■ **Work request**
All pictures are to be omitted while the lines starting at the line with "Mylochromis sp. ‚mollis‘" and ending at the line with "View of St." in the material below are retyped exactly, both ends included.

■ **The data**
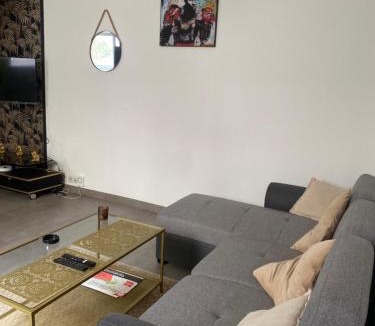 Tarbes Apartment | les lichens Tarbes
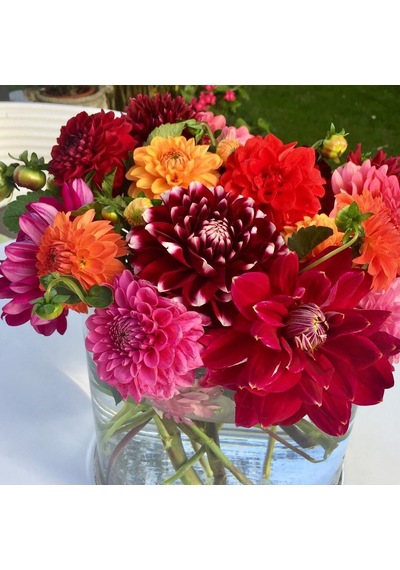 Büyük Çiçekli Mixed Dahlia Karışık Yıldız Çiçeği Yumrusu 5 Adet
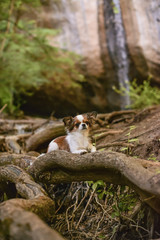 dog waterfall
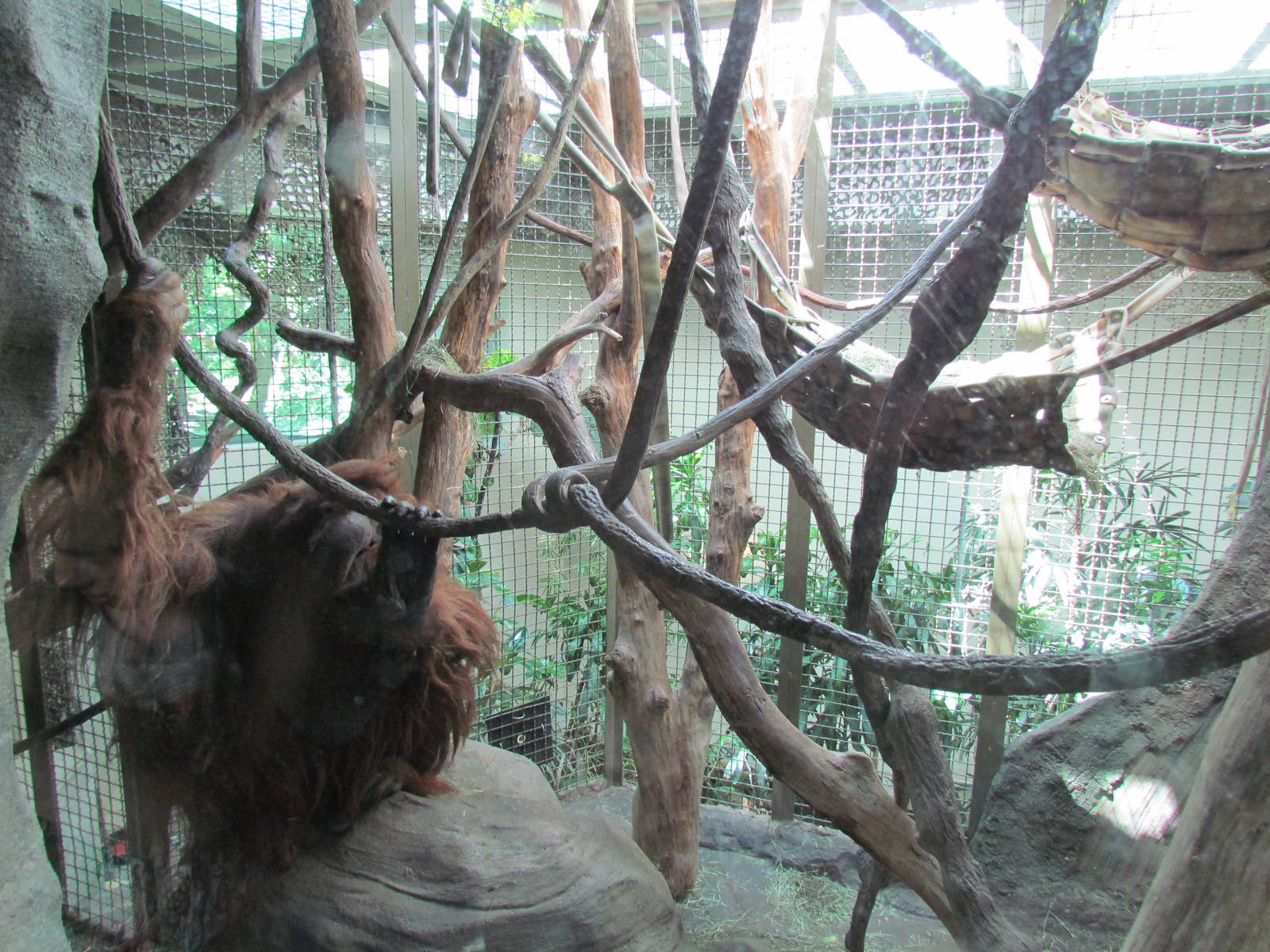 Trail of Vines - Orangutan Exhibit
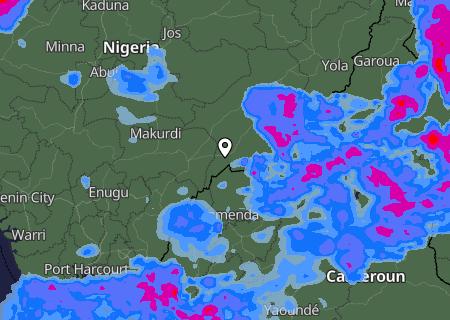 Niederschlagsprognose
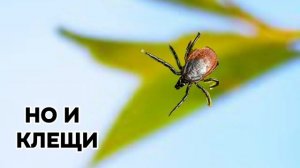 Меры профилактики клещевого вирусного энцефалита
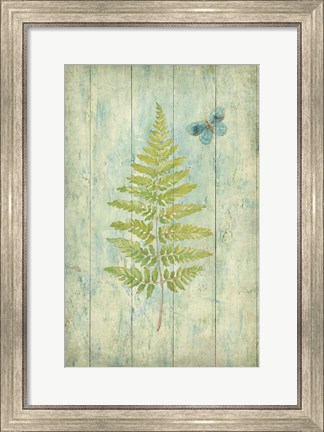 Framed Natural Floral XIII Butterfly Print
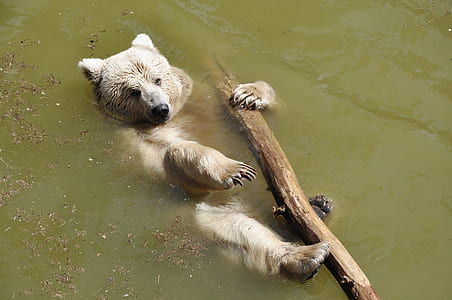 brown bear holding tree trunk on body of water thumbnail
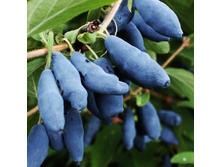 ��������� ������������� �������.-191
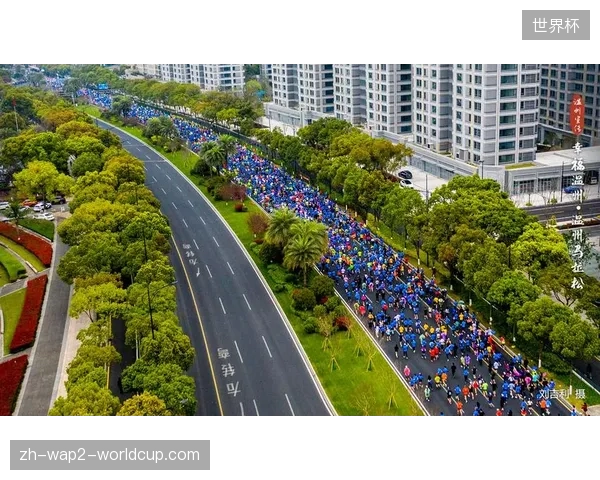 头部马拉松流量为何在数字化监测下依然难以兑现赞助溢价? 头部马拉松流量为何在数字化监测下依然难以兑现赞助溢价?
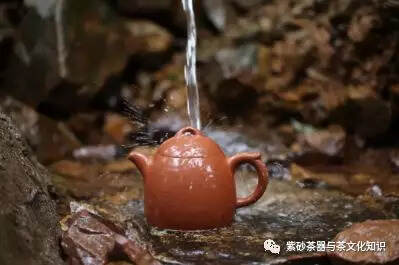 紫砂壶为什么宜茶，如何配茶！（一）
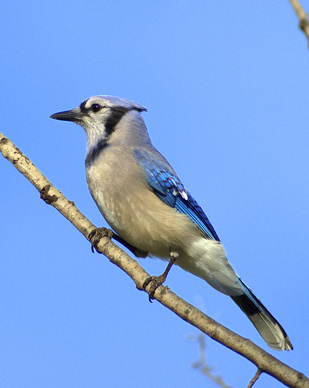 blue jay bird information ehow uk blue jay bird information ehow uk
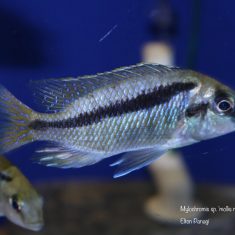 Mylochromis sp. ‚mollis‘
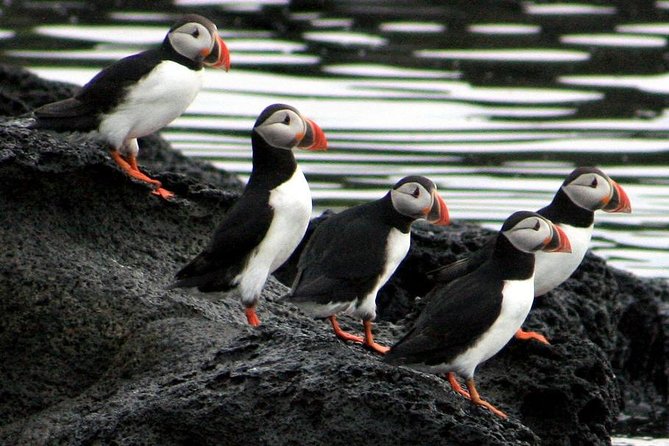Reykjavik Shore Excursion: Puffin Sightseeing Cruise - Price and value: what you get for about $63.51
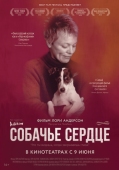 Постер Собачье сердце (2015)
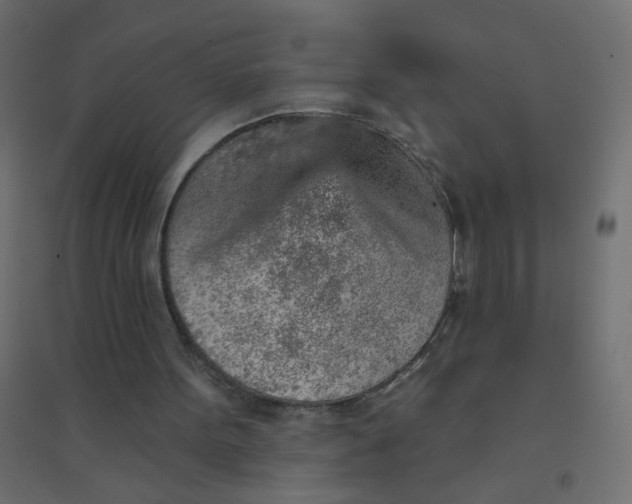 X0000094460099200711211550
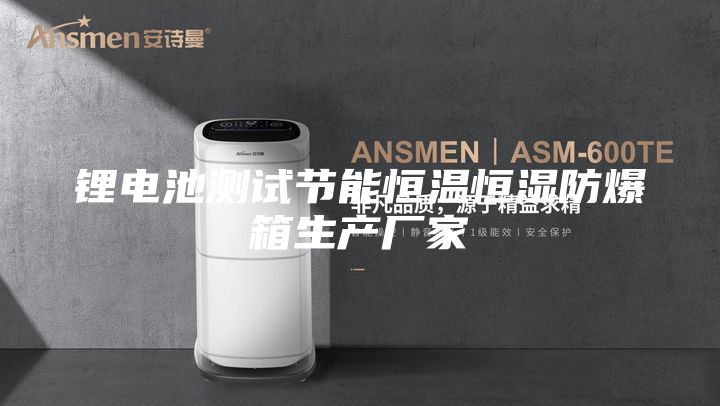 鋰電池測試節能恒溫恒濕防爆箱生產(chǎn)廠(chǎng)家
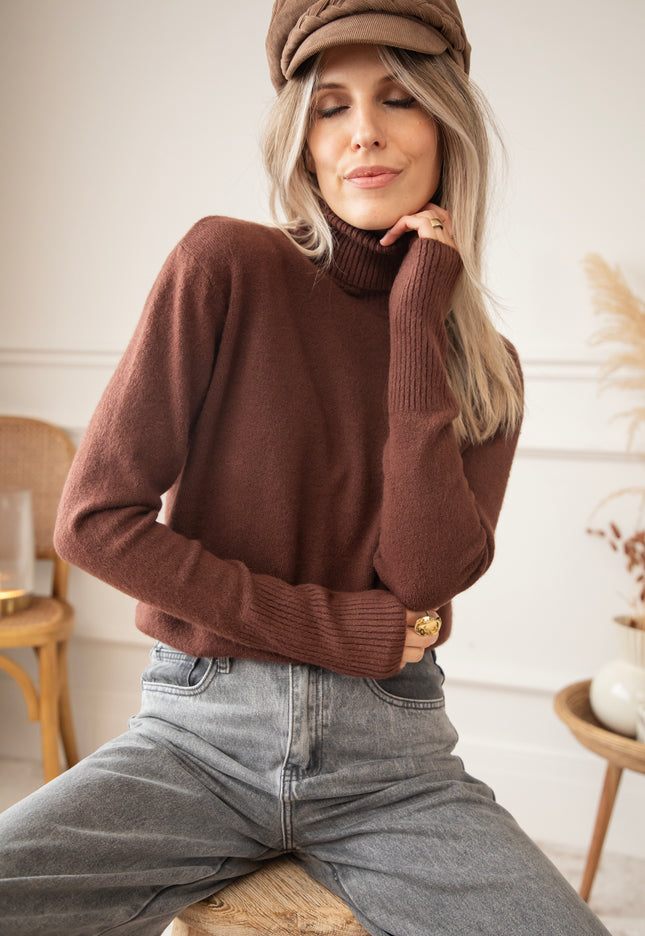 Comfy Billie Turtle Brown - Sweater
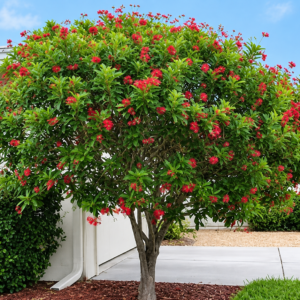 Red Jatropha (جٹروفا) Jatropha integerrima Tree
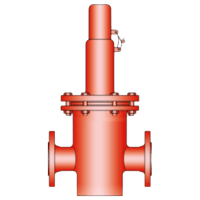 Protego Pressure and Vacuum Relief Valve, In-Line, DV/ZW-F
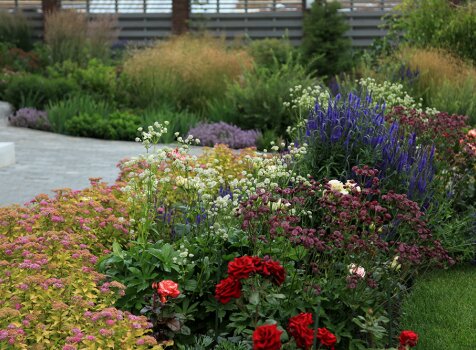 Розы, спиреи, астранция, вероника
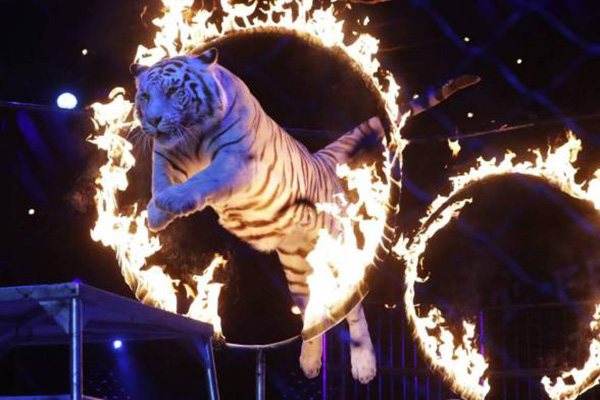 Iniciativa de Bienestar Animal permitiría otra vez animales en circos, acusan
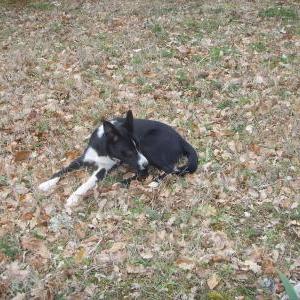Die Hundeschule im Holzland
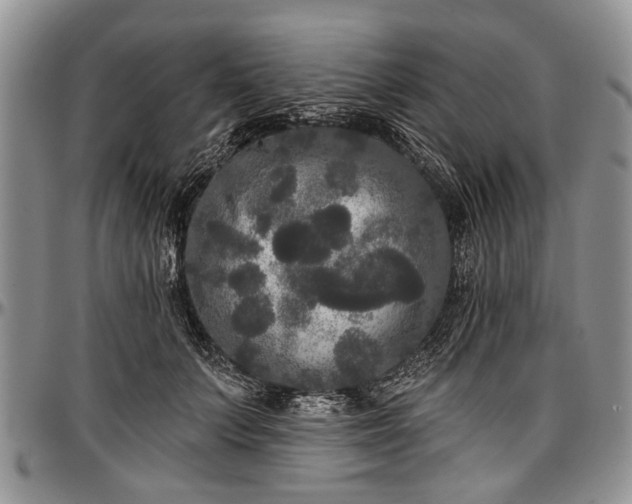 X0000097490703200802291432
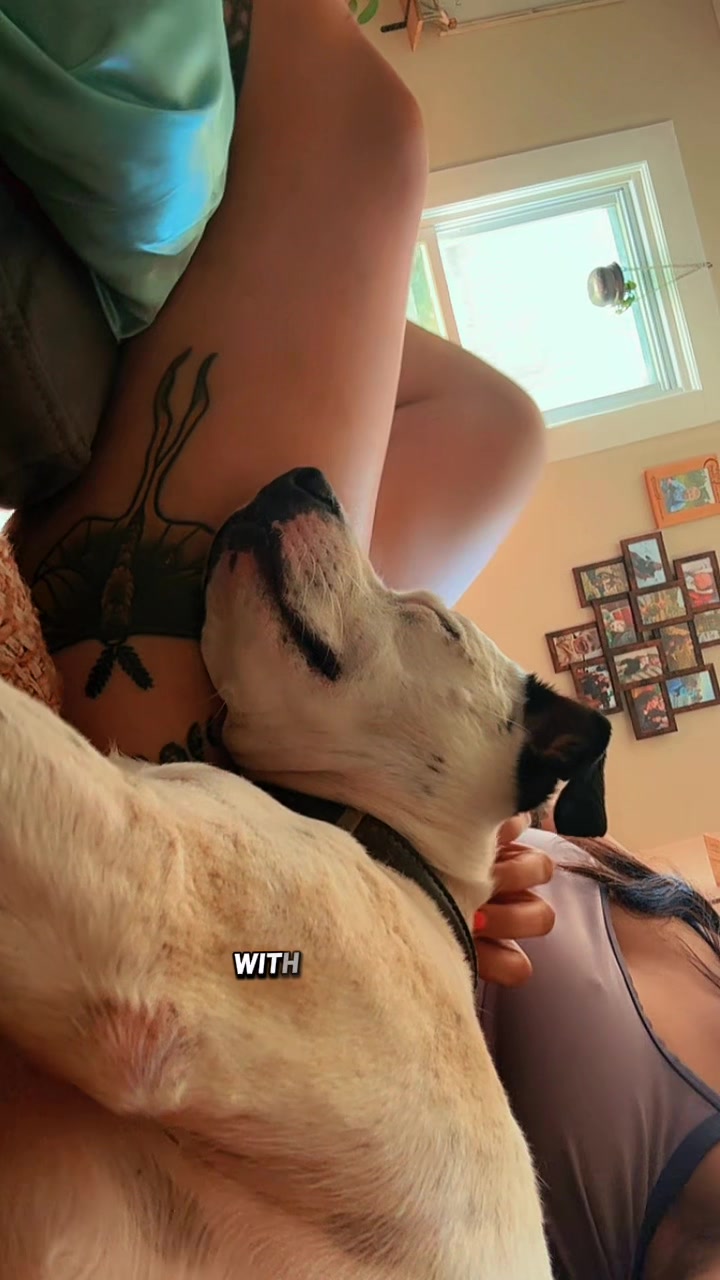 @Autydawn
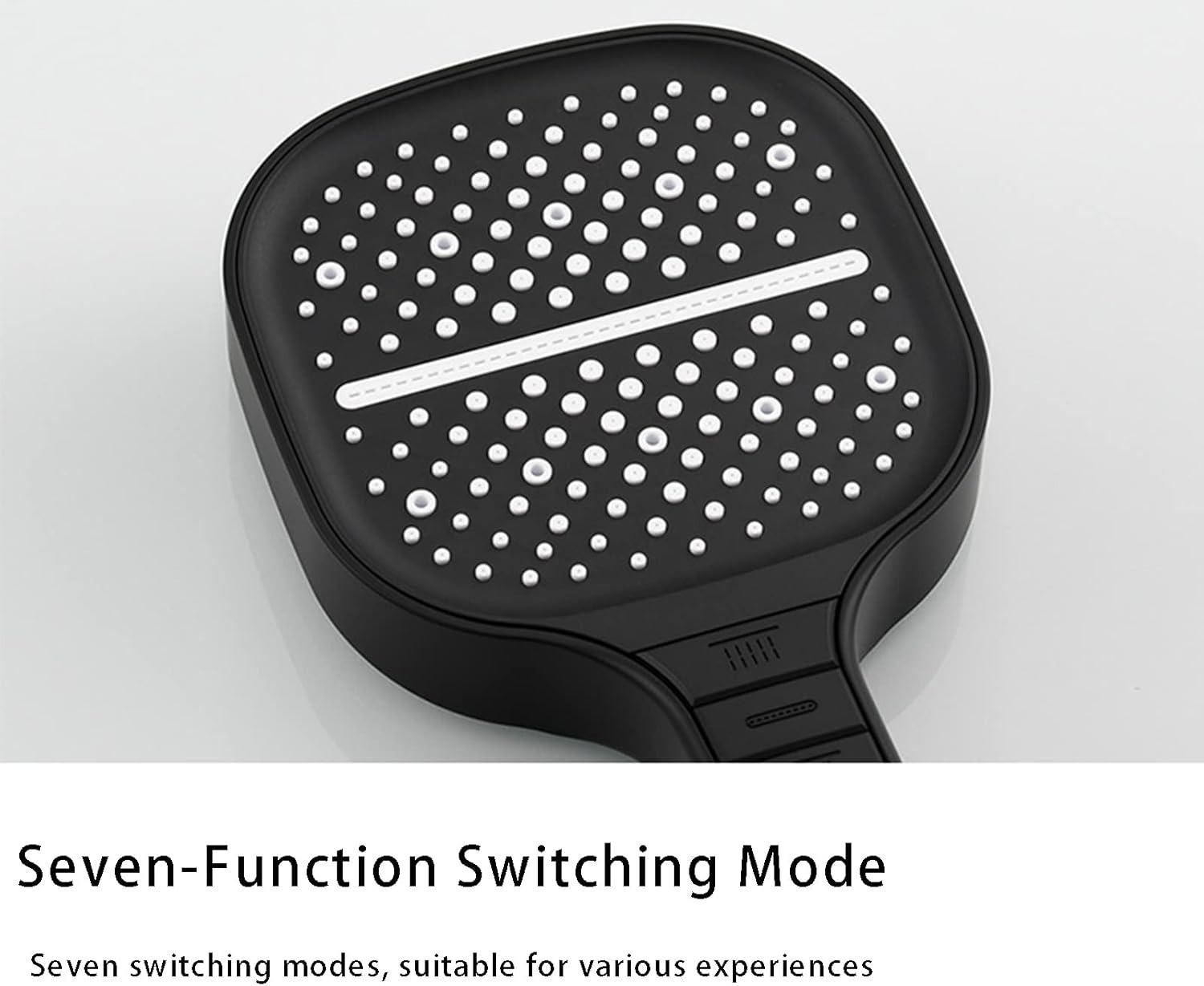 Handheld Shower Head cs2856-ri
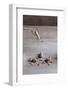 Miniature with Peanut People Trying to Hold their Balance and Grasping for a Straw-Nailia Schwarz-Framed Photographic Print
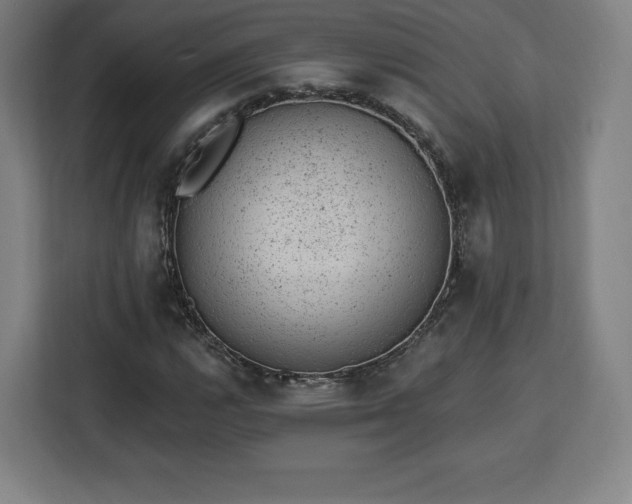 X0000112921112200908311251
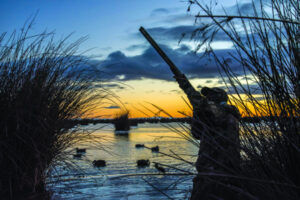 Big tick for hunters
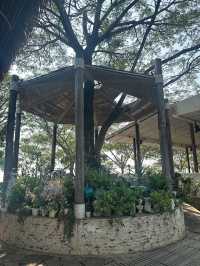 📌🏡 อาฟเตอร์นูน บางปู : Afternoon Bangpu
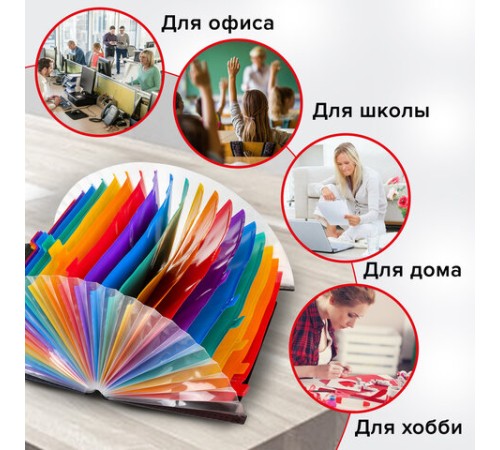 Папка-органайзер для бумаг и документов на резинке, 25 отделений, BRAUBERG DOCS, А4, черная, 271151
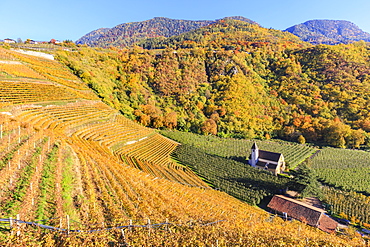 View of St. Valentin church surrounded by autumn colors, Merano, Val Venosta, Alto Adige-Sudtirol, Italy, Europe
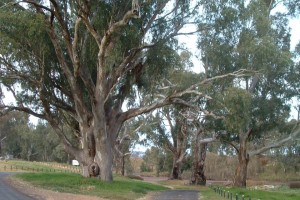 Butlers Falls Reserve, near Dubbo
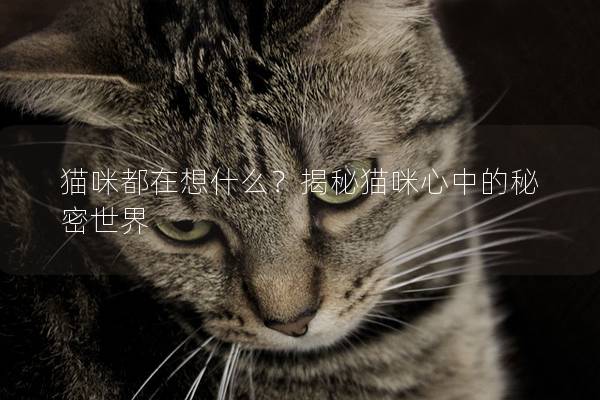 猫咪都在想什么？揭秘猫咪心中的秘密世界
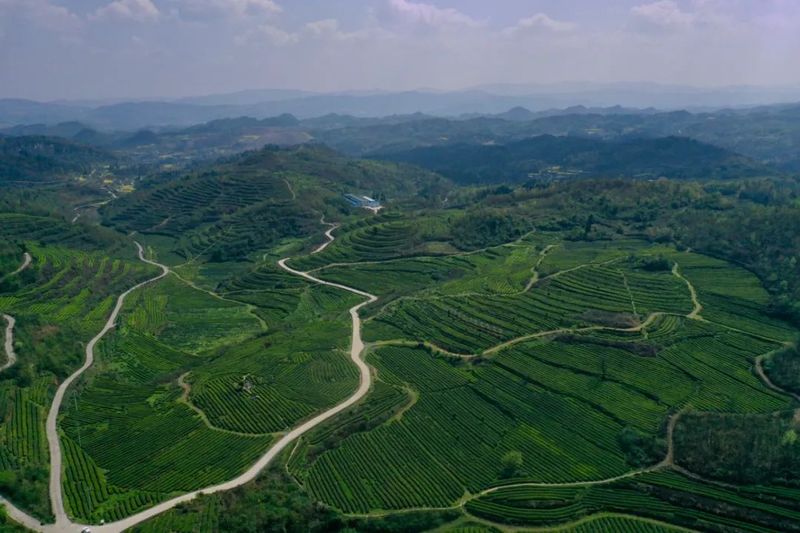 有关于金沙县清池镇“小茶叶”成就“大产业”的资讯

■ **Written solution**
 Mylochromis sp. ‚mollis‘
Reykjavik Shore Excursion: Puffin Sightseeing Cruise - Price and value: what you get for about $63.51
 Постер Собачье сердце (2015)
 X0000094460099200711211550
 鋰電池測試節能恒溫恒濕防爆箱生產(chǎn)廠(chǎng)家
 Comfy Billie Turtle Brown - Sweater
 Red Jatropha (جٹروفا) Jatropha integerrima Tree
 Protego Pressure and Vacuum Relief Valve, In-Line, DV/ZW-F
 Розы, спиреи, астранция, вероника
 Iniciativa de Bienestar Animal permitiría otra vez animales en circos, acusan
Die Hundeschule im Holzland
 X0000097490703200802291432
 @Autydawn
 Handheld Shower Head cs2856-ri
 Miniature with Peanut People Trying to Hold their Balance and Grasping for a Straw-Nailia Schwarz-Framed Photographic Print
 X0000112921112200908311251
 Big tick for hunters
 📌🏡 อาฟเตอร์นูน บางปู : Afternoon Bangpu
 Папка-органайзер для бумаг и документов на резинке, 25 отделений, BRAUBERG DOCS, А4, черная, 271151
 View of St. Valentin church surrounded by autumn colors, Merano, Val Venosta, Alto Adige-Sudtirol, Italy, Europe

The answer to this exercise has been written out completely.